# My first layout



## civic2n2000 (Nov 16, 2014)

I have been toying around with the idea of doing a layout for some time now. Well the wife got me a train set for Christmas. I have not been dragging my feet getting things going. Let me know what you think.


----------



## Aminnich (Nov 17, 2014)

Hey man, looks good. I'm pretty much at the same step


----------



## Magic (Jan 28, 2014)

Coming along nicely. 

Welcome to the forum. 

Magic


----------



## MtRR75 (Nov 27, 2013)

civic2n2000 said:


> I have not been dragging my feet getting things going.


Certainly not.......

Benchwork, track plan, foam board -- and a mountain -- in FOUR days!

When did you have time to take pictures and post them here?

I'm jealous. My progress is measured in months and years.


----------



## civic2n2000 (Nov 16, 2014)

The wife kind of hinted around about get it for me for christmas so i have been planning for a couple weeks now.


----------



## KAL5 (Sep 4, 2011)

Nice start looks like a good size layout keep up the good work


----------



## civic2n2000 (Nov 16, 2014)

got a little more done today


----------



## civic2n2000 (Nov 16, 2014)

more update pictures. should have some more later today. been working on getting the pond finished up and doing some landscaping. Not sure i am liking this ez-track very much. Been having a lot of trouble with the turnouts.


----------



## David-Stockwell (Sep 21, 2010)

civic2n2000 said:


> more update pictures. should have some more later today. been working on getting the pond finished up and doing some landscaping. Not sure i am liking this ez-track very much. Been having a lot of trouble with the turnouts.

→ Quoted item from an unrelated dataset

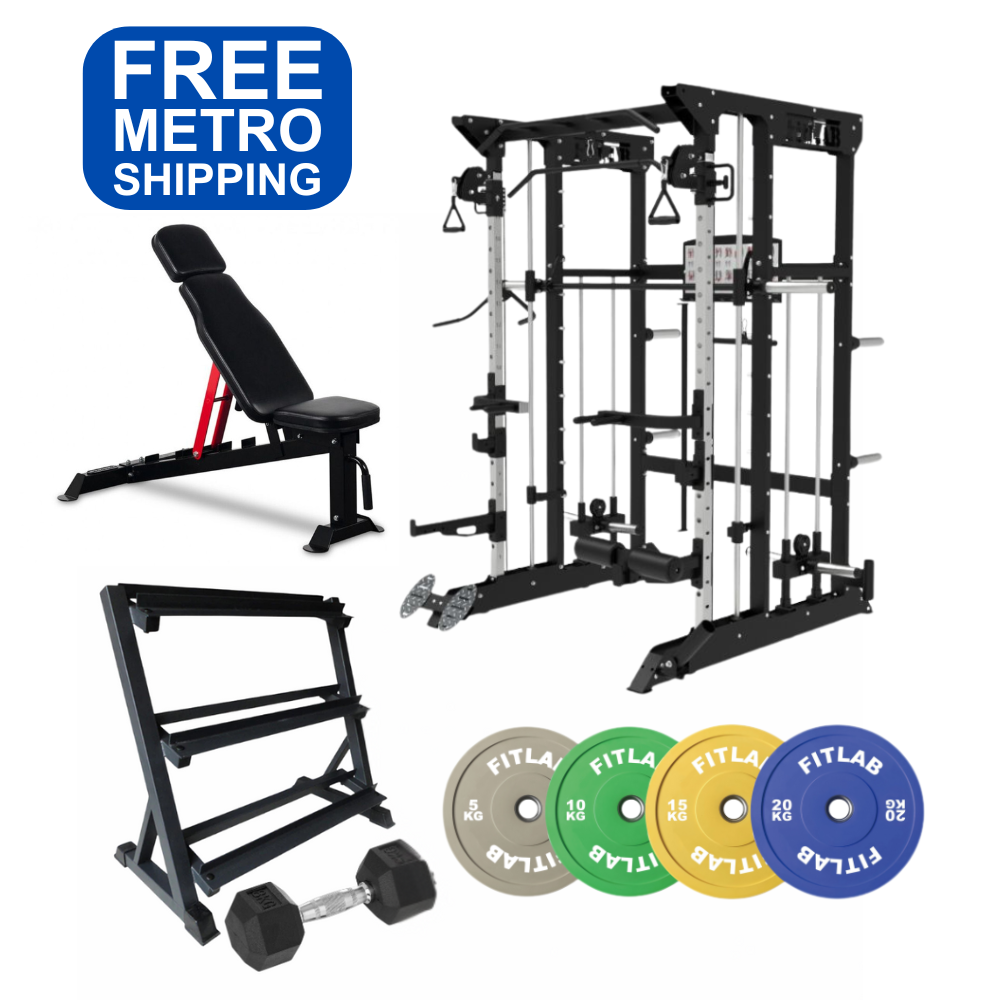  fitness equipment including a weight bench, power rack, dumbbells, and weight plates with free shipping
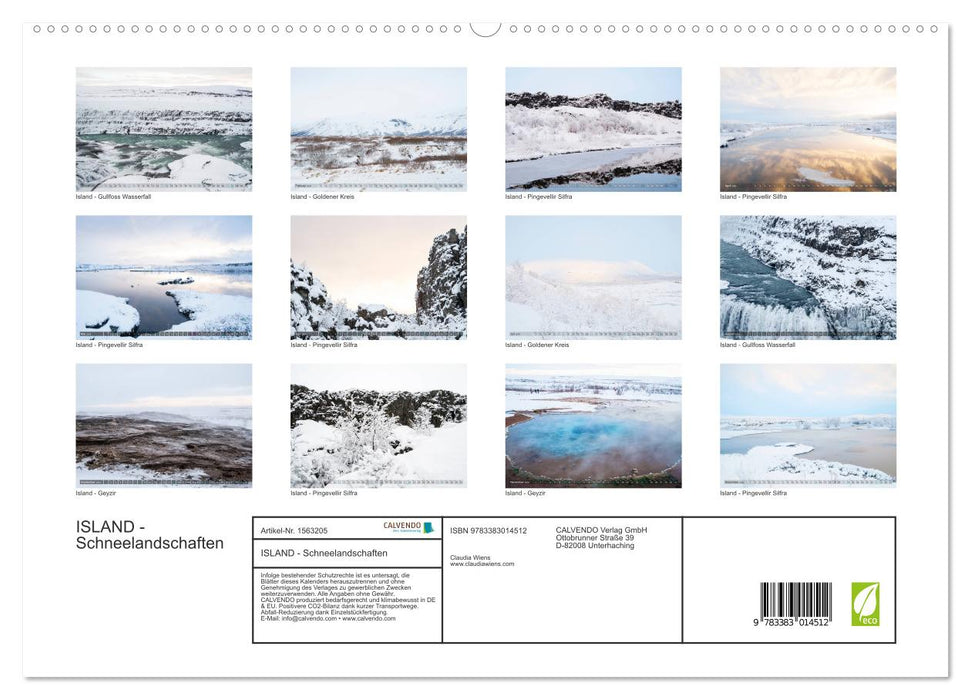 ISLANDE - Paysages de neige (Calvendo Premium Wall Calendar 2024)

Hi civic !!:smilie_daumenpos:You got a nice start their!!! Got one suggestion! Cut a hole in the back of the hillside for access!! Just in case of a derailment. 
DAVE

LIKE SO!!


----------



## civic2n2000 (Nov 16, 2014)

Thanks for for the suggestion but there is a hole on the back side of the hill already.


----------



## cosmos2002 (Jun 14, 2007)

Well done so far. Keep at it :appl:


----------



## Mr.Buchholz (Dec 30, 2011)

Really liked where this layout was going. Any new progress or updates or pictures??



-J.


----------